*** MATERIAL SHOWN Section Begins ***

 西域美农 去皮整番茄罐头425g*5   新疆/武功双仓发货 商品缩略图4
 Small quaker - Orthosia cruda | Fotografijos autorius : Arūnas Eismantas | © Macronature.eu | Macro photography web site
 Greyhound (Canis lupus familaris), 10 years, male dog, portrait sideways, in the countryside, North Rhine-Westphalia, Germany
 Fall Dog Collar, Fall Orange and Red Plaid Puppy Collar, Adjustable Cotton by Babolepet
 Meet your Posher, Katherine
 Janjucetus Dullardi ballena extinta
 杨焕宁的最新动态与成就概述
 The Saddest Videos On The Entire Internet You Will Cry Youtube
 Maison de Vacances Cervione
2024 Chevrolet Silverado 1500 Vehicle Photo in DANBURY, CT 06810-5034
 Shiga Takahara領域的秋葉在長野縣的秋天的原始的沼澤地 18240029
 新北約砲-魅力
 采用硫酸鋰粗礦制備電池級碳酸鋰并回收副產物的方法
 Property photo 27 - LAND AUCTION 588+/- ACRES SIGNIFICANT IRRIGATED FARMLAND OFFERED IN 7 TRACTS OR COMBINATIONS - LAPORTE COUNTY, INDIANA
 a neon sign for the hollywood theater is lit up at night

*** MATERIAL SHOWN Section Ends ***

WHAT TO DO ▸
Please copy only these lines, exactly: the first line of the records through the line containing "Greyhound (Canis lupus", ends included.

WRITTEN SOLUTION ▸
 西域美农 去皮整番茄罐头425g*5   新疆/武功双仓发货 商品缩略图4
 Small quaker - Orthosia cruda | Fotografijos autorius : Arūnas Eismantas | © Macronature.eu | Macro photography web site
 Greyhound (Canis lupus familaris), 10 years, male dog, portrait sideways, in the countryside, North Rhine-Westphalia, Germany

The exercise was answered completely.